While any substantive changes in the whole area covered by the Judges' Rules must await the views of the Royal Commission, my right hon. Friend has announced his intention to reissue in one document the Judges' Rules, the administrative directions to the police and the related Home Office circulars, so as to ensure that they are well known to the police and to members of the legal profession. This publication should appear well before the Summer Recess. In the Metropolitan Police, the Commissioner has issued a recent force order emphasising the importance of complying with the rules and directions. I understand that my hon. Friend has recently written about this to my right hon. Friend the Home Secretary, who is considering whether these orders can be published. It would be inappropriate for me to comment at length on this request at this stage beyond saying that it is a long-established practice not to publish Metropolitan Police general orders which include information on police operational matters.
My hon.

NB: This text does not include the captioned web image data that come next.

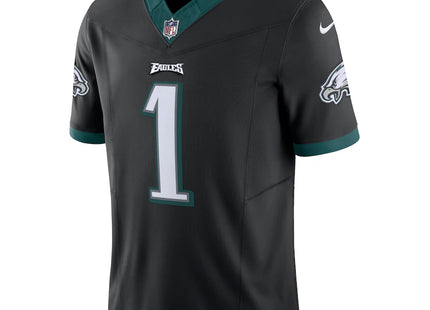 Jalen Hurts Philadelphia Eagles Nike Vapor F.U.S.E. Limited Jersey - Black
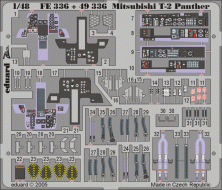 Mitsubishi T-2 Panther  (HAS)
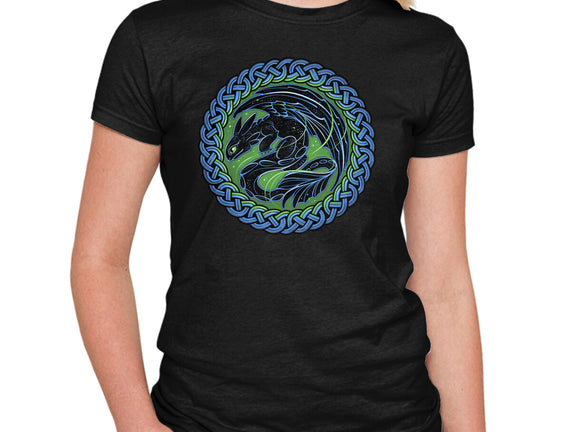Emblem Of The Black Dragon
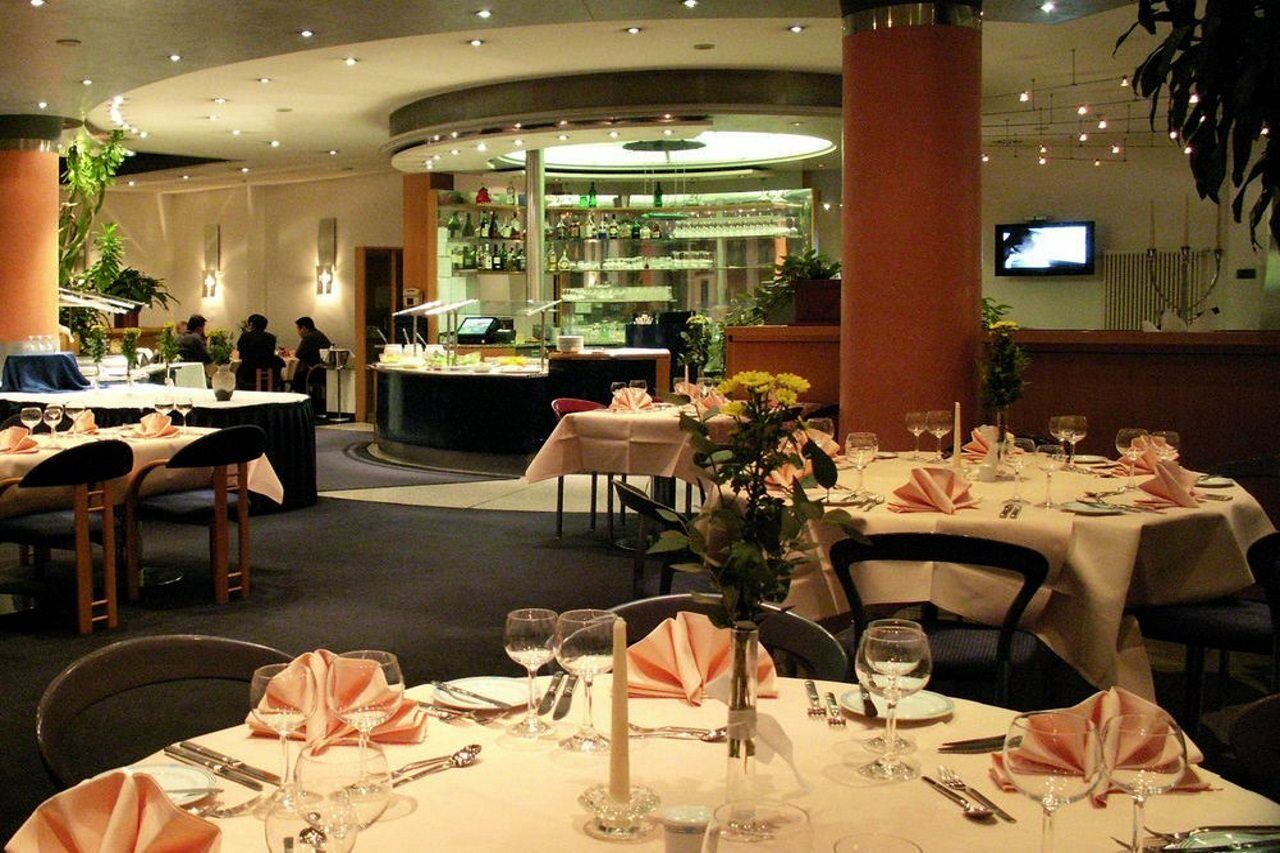 Achat Hotel Stuttgart Airport Messe Restaurant photo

Friend asked about the Government's attitude towards the tape recording of police interrogations. Following the report published in 1976 by the Home Office committee which looked into the feasibility of an experiment in tape recording, we consulted a number of individuals and organisations with an interest in the subject. I must stress that, far from being unanimous, their views 1817 showed a remarkable divergence, and no unanimity of view emerged about whether an experiment would be desirable. The Home Office has now submitted a memorandum to the Royal Commission inviting it to consider whether it wishes to submit any views to the Government on a possible tape recording experiment and the form which this might take. I assure my hon. Friend that, in the light of the Commission's views, the Government will decide whether to go ahead with an experiment.

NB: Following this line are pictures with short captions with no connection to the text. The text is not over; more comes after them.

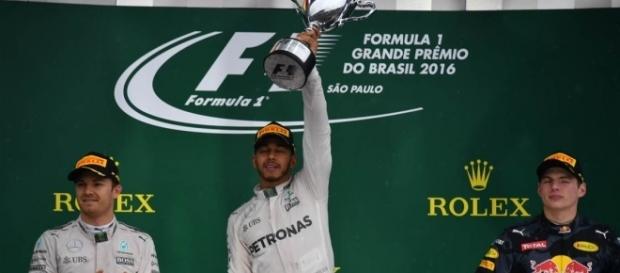 Hamilton wins chaotic Brazil GP - Motorsport - Inside Sport - com.au Hamilton wins chaotic Brazil GP - Motorsport - Inside Sport - com.au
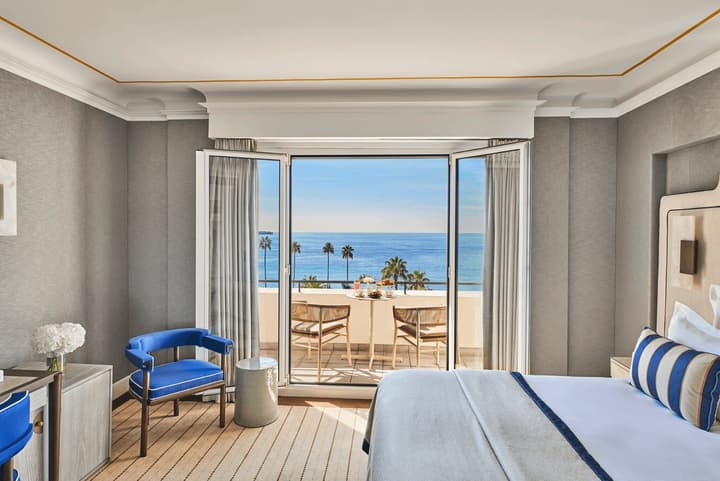 Hôtel Barrière Le Majestic Cannes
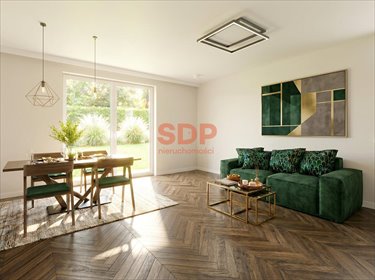 mieszkanie na sprzedaż 66m2 mieszkanie Święta Katarzyna, Żernicka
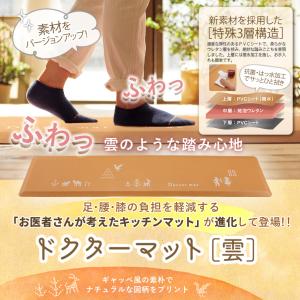 【9月1日値上げ】ドクターマット雲 (桃) S...の詳細画像4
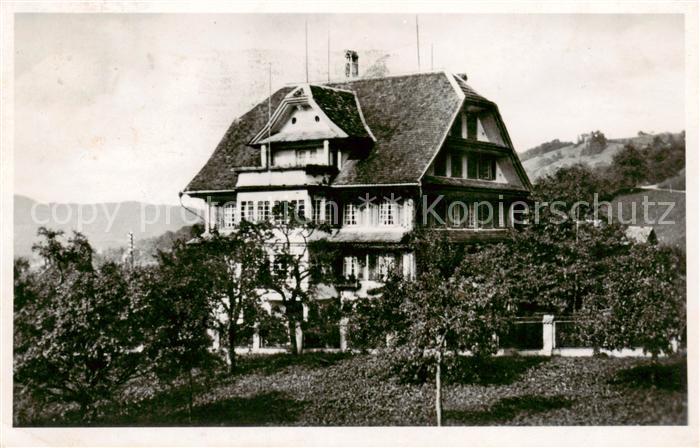 Oberaegeri Ober-Aegeri ZG Bethenbuehl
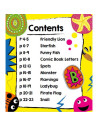 BB074,Set de pictat pietre - Neon
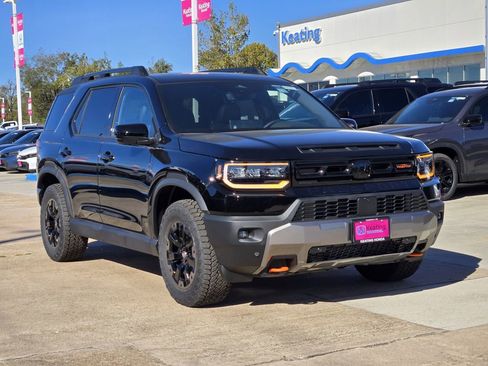 New 2026 Honda Passport TrailSport Elite image 3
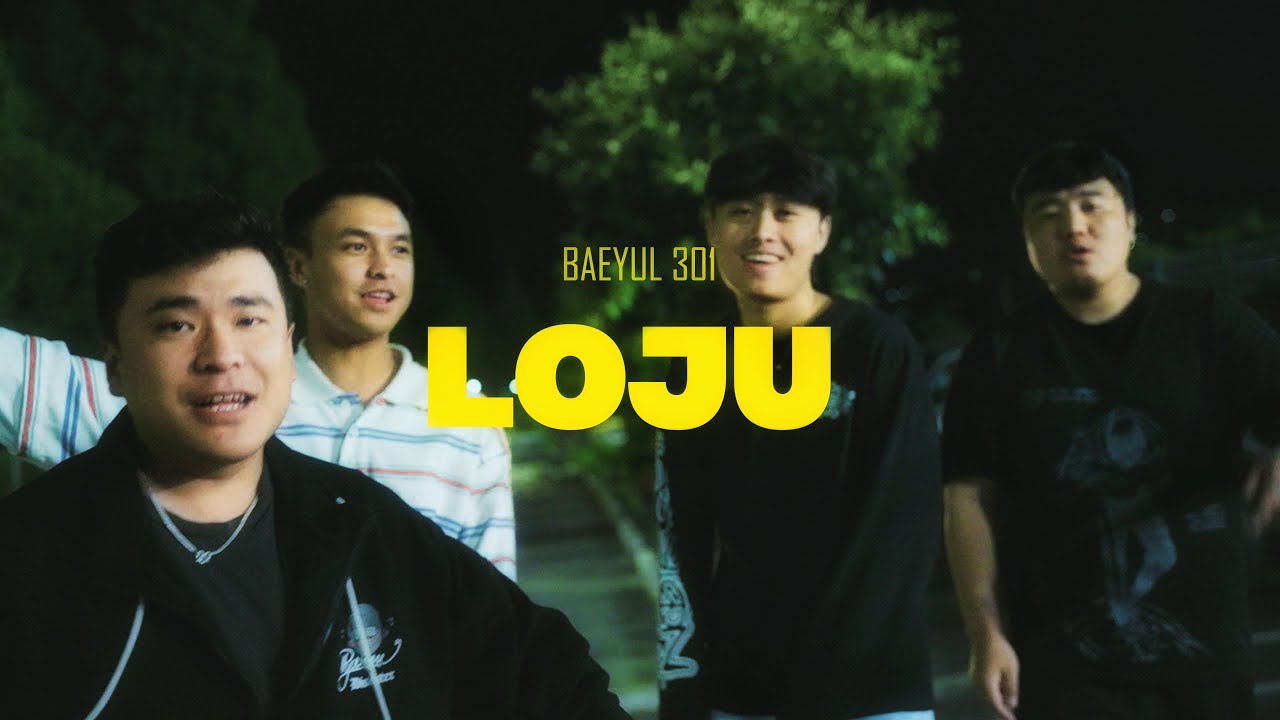 Loju (Official MV) -  Tshewang P x Mithup x Jamyang Yeshey x Daydream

I also assure my hon. Friend that not all the policy topics raised in Sir Henry Fisher's report need await the Royal Commission. My rt. hon. and learned Friend the Attorney-General has arranged for the examination of certain suggestions which affect the responsibilities and staffing of the office of the Director of Public Prosecutions. Working parties set up by the Director of Public Prosecutions are already considering Sir Henry Fisher's findings on these points. In particular, they are looking at the review of the Prosecution of Offences Regulations 1946 and, in relation to cases committed for trial, the disclosure to the defence of statements and other information in the possession of 1818 the prosecution, and the editing of witness statements.
My Department has also arranged for Sir Henry's suggestions in regard to pathologists and their reports to be examined. In addition, Sir Henry's suggestions about the submission of the police report to the Director of Public Prosecutions have been drawn to the notice of the Association of Chief Police Officers, which has agreed to ensure that they are brought to the attention of all police forces, including those responsible for detective training schools.

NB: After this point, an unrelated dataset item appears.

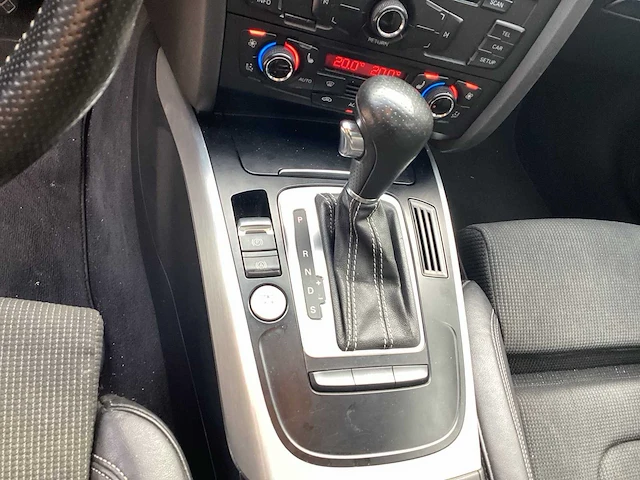 2009 audi a4 avant s line personenauto - afbeelding 5 van  25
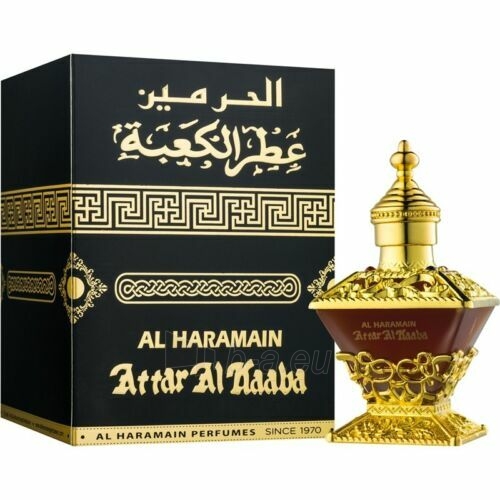 Parfumuotas aliejus Al Haramain Attar Al Kaaba 25 ml paveikslėlis 1 iš 1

Sir Henry Fisher's report is a valuable document on what is in many ways a distressing case. There have been lessons to be learned from it for all of us. In reserving judgment on a number of wider issues, my rt hon. Friend the Home Secretary is in no way dismissing what Sir Henry had to say, but the areas are so important that we must move forward with great care. We shall move forward, and we are moving forward. That is why I have put a good deal of emphasis on awaiting the views of the Royal Commission on Criminal Procedure.
§ Question put and agreed to.
§ Adjourned accordingly at half past Ten o'clock.